§ **Exercise goal**
Nothing but the pictures should be left out when you copy the records exactly.

§ **Material for this exercise**
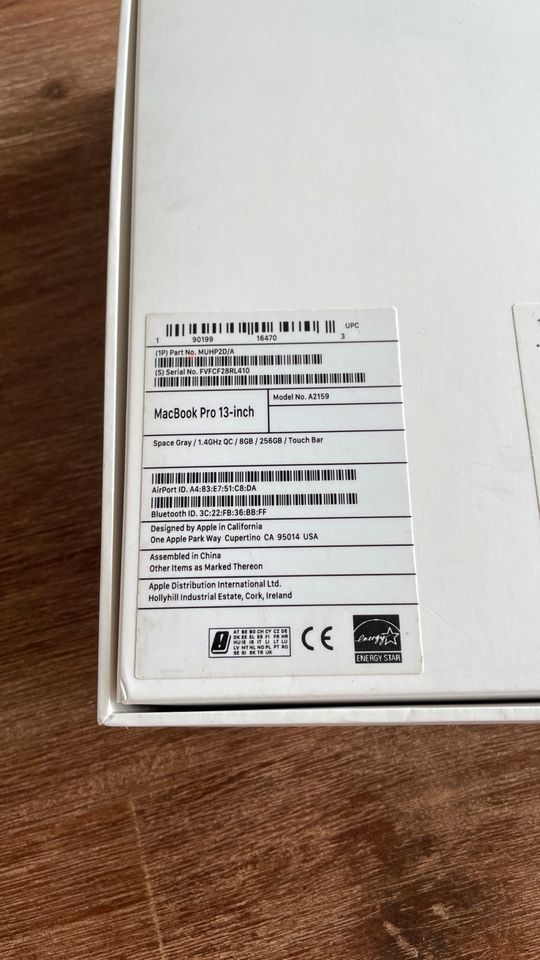 MacBook Pro 13“ 2019 /Space Grey/1.4GHz QC/8Gb/ 256 GB/Touch Bar in Düsseldorf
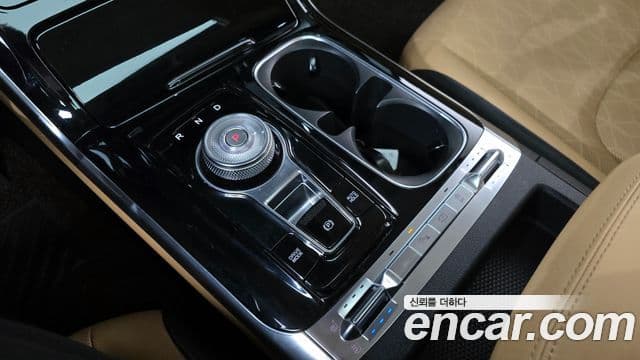 Kia Carnival 2021 — ფოტო 9/20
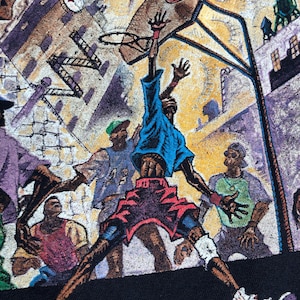 Może przedstawiać: Kolorowa ilustracja koszykarza w powietrzu, tuż przed wsadzeniem piłki do kosza. Koszykarz ma na sobie niebiesko-czerwoną koszulkę i spodenki. Tło przedstawia panoramę miasta z budynkami i koszem do koszyk&oacute;wki.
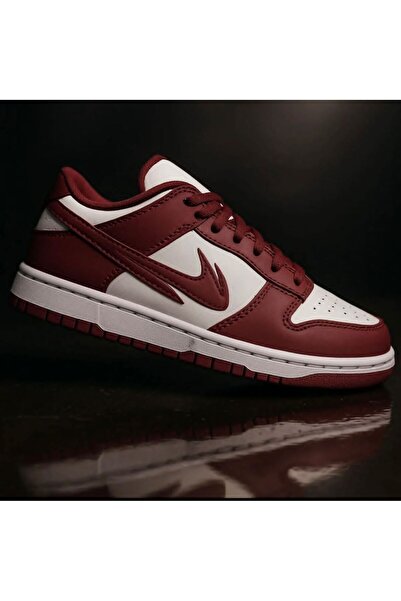 madam gold ντανκ λόου) " or  "ντανκ λόου " (dunk low) " is a common way to tr...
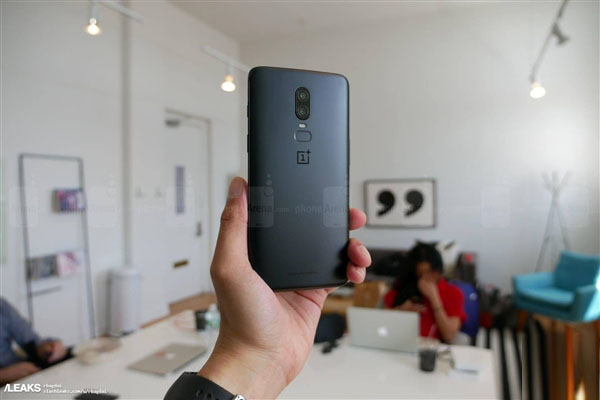 一加6真机抢先图赏 三种配色，玻璃机身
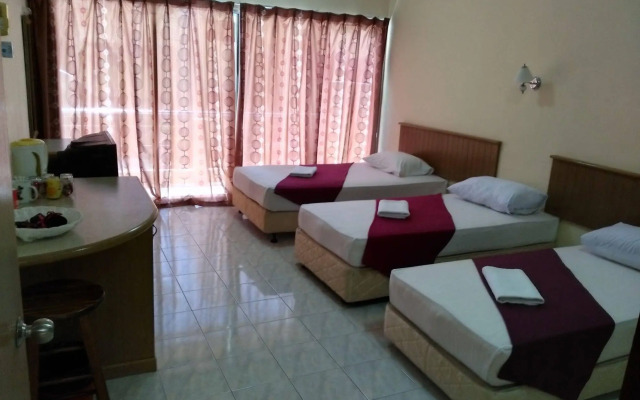 Teluk Batik Holiday Apartment
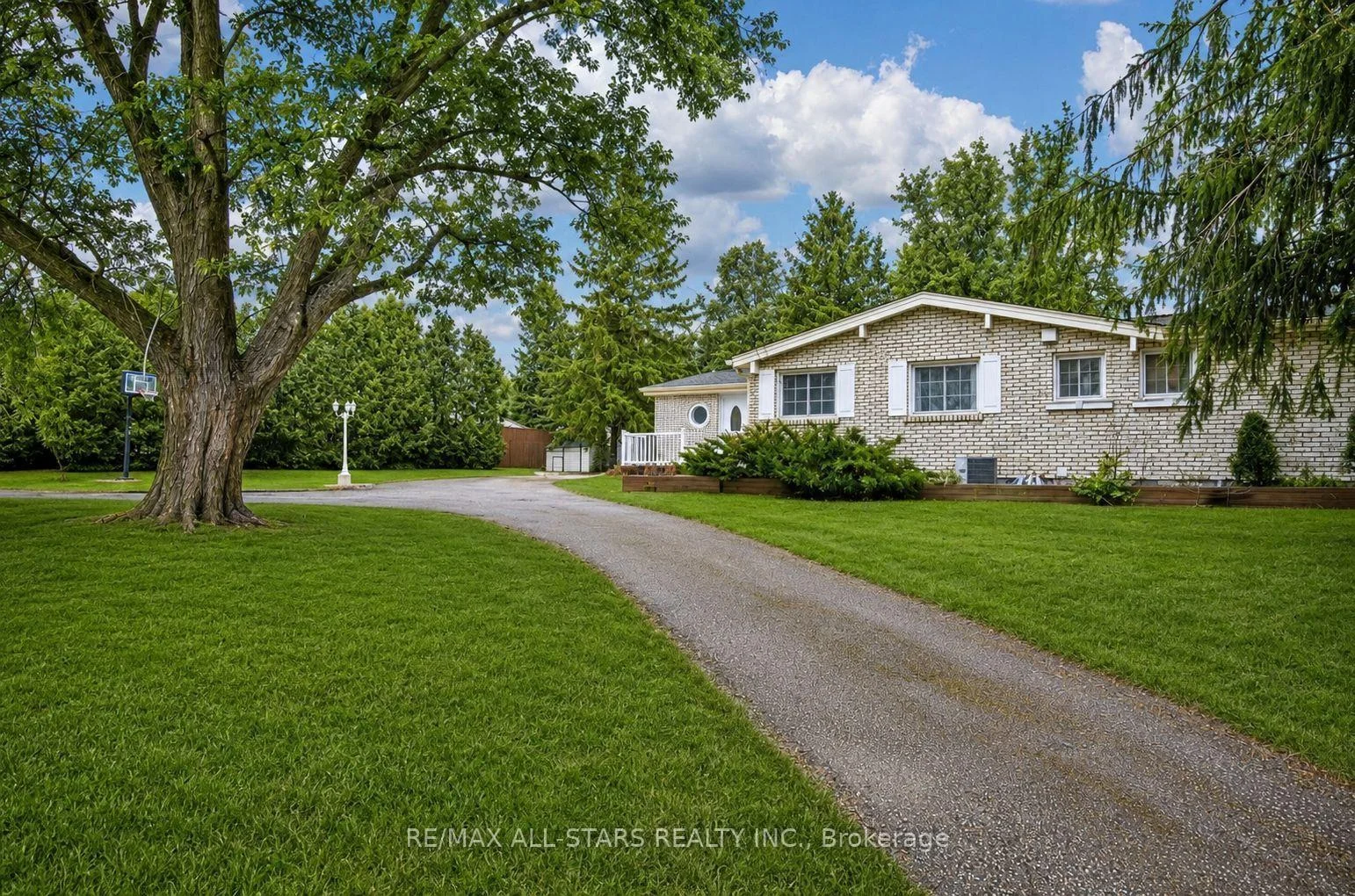 Front of 1130 Scugog 14 Line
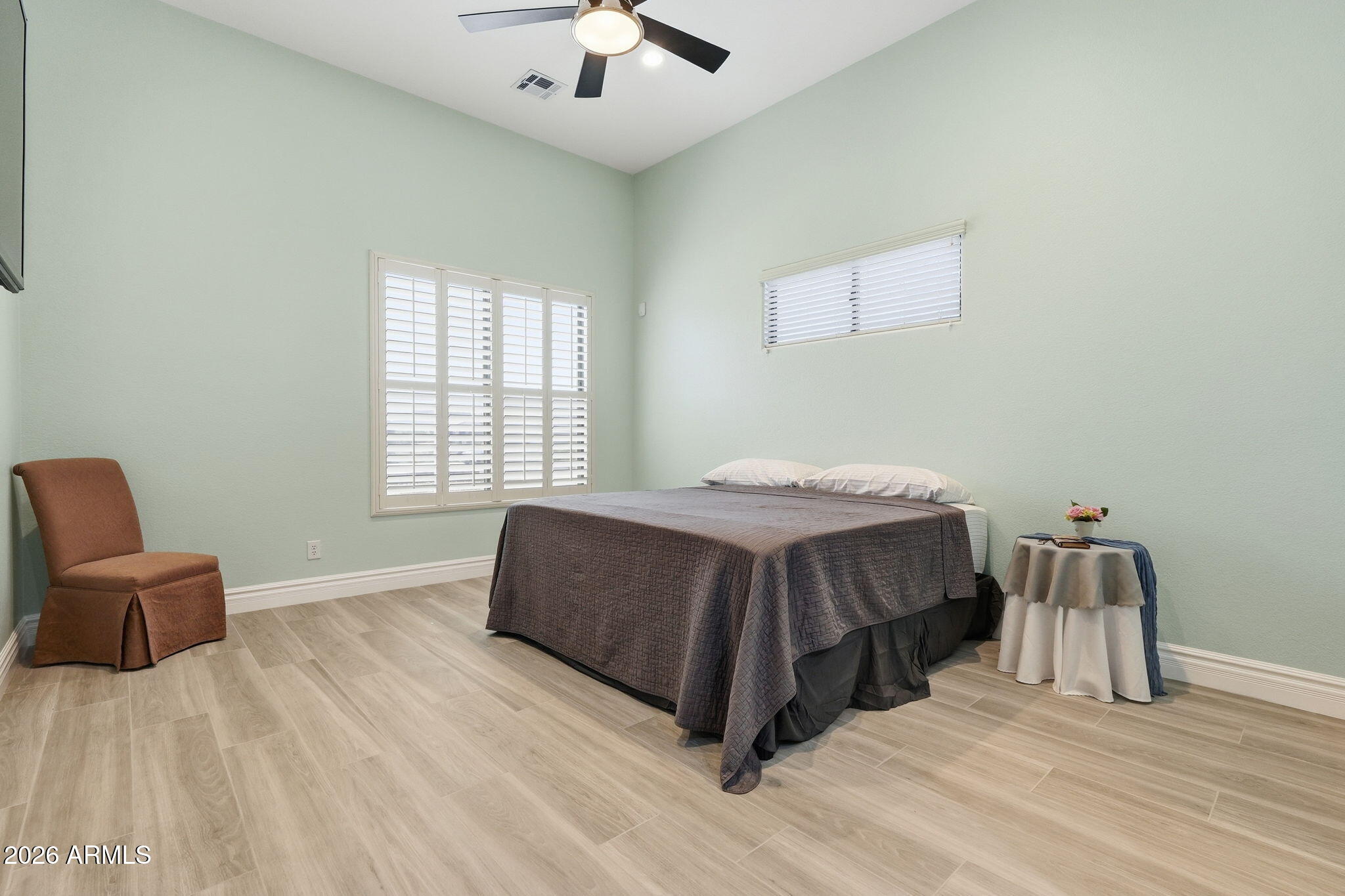 2948 E WATFORD Court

§ **Output for this exercise**
 MacBook Pro 13“ 2019 /Space Grey/1.4GHz QC/8Gb/ 256 GB/Touch Bar in Düsseldorf
 Kia Carnival 2021 — ფოტო 9/20
 Może przedstawiać: Kolorowa ilustracja koszykarza w powietrzu, tuż przed wsadzeniem piłki do kosza. Koszykarz ma na sobie niebiesko-czerwoną koszulkę i spodenki. Tło przedstawia panoramę miasta z budynkami i koszem do koszyk&oacute;wki.
 madam gold ντανκ λόου) " or  "ντανκ λόου " (dunk low) " is a common way to tr...
 一加6真机抢先图赏 三种配色，玻璃机身
 Teluk Batik Holiday Apartment
 Front of 1130 Scugog 14 Line
 2948 E WATFORD Court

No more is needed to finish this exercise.